TASK DETAILS —
In the material below, find the line containing "Hayati Pro Ultra+" and output it and all lines after it exactly, through the last one, without the pictures.
_ _ _ _ _ _ _
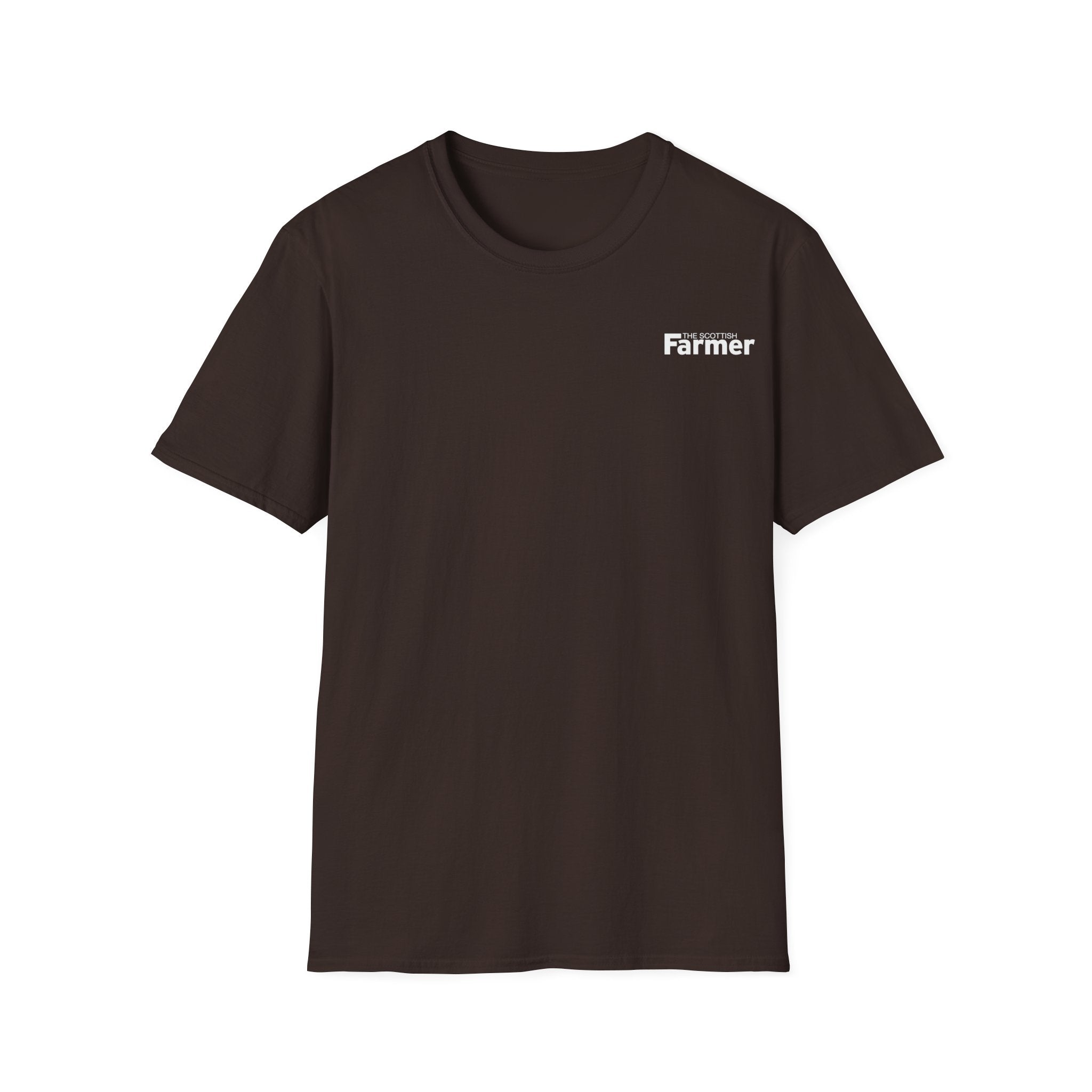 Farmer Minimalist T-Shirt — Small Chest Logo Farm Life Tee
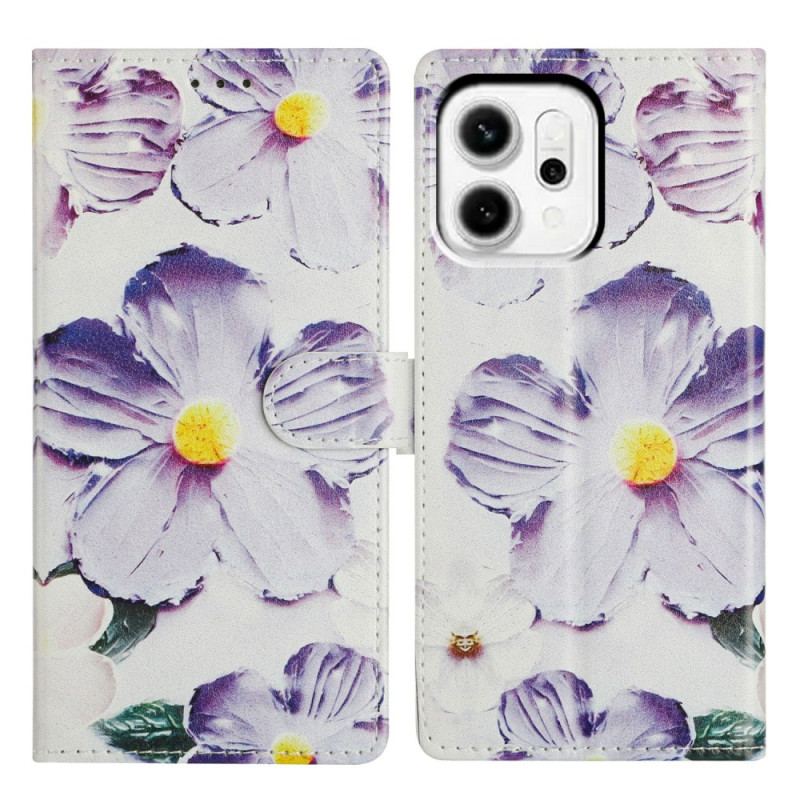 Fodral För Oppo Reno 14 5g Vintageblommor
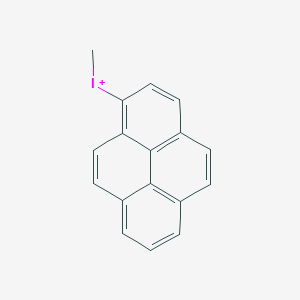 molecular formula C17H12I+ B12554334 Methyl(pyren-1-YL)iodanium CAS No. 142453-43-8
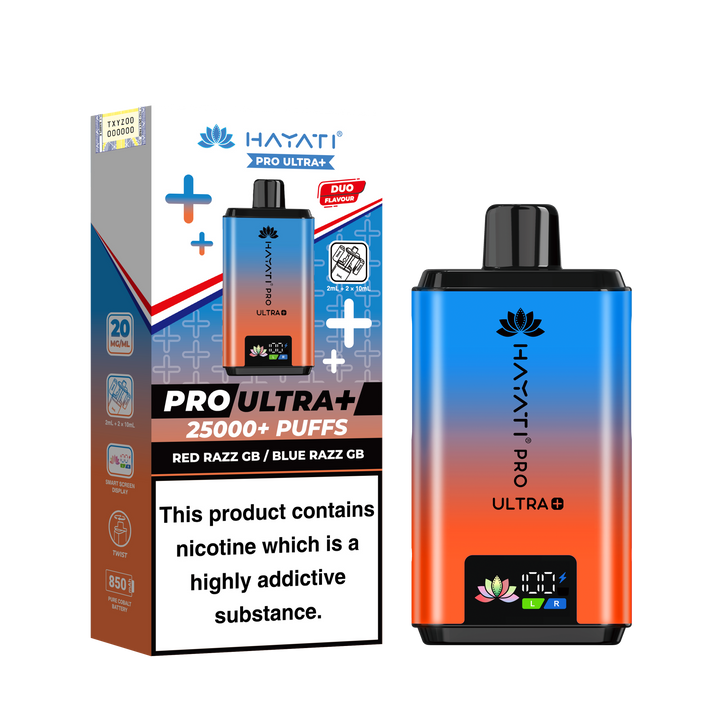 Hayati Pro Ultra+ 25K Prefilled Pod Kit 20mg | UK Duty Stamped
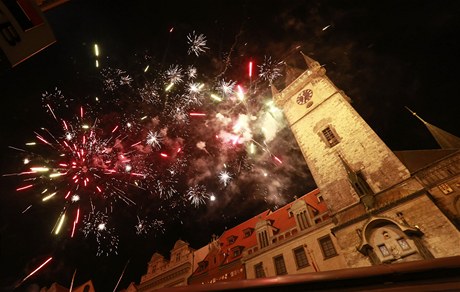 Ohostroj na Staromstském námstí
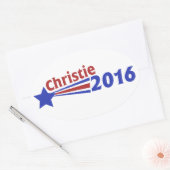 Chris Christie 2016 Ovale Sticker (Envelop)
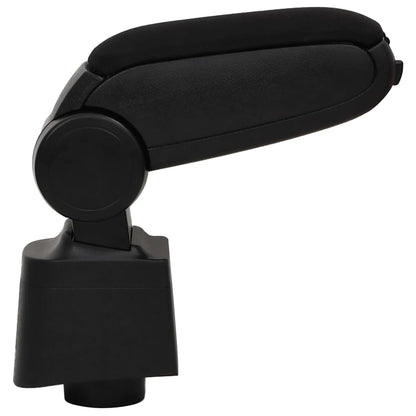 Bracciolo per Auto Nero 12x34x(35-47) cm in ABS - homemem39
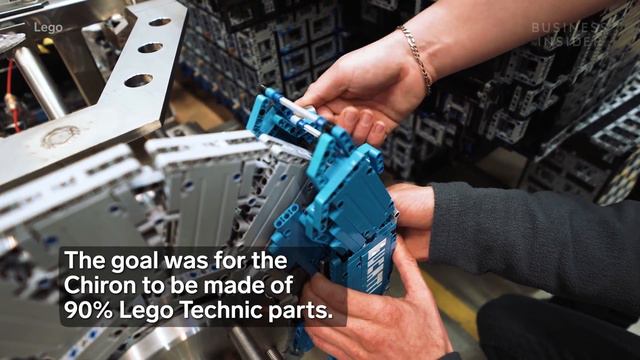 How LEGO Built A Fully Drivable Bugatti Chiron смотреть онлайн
_ _ _ _ _ _ _
RESPONSE AREA —
 Hayati Pro Ultra+ 25K Prefilled Pod Kit 20mg | UK Duty Stamped
 Ohostroj na Staromstském námstí
 Chris Christie 2016 Ovale Sticker (Envelop)
 Bracciolo per Auto Nero 12x34x(35-47) cm in ABS - homemem39
 How LEGO Built A Fully Drivable Bugatti Chiron смотреть онлайн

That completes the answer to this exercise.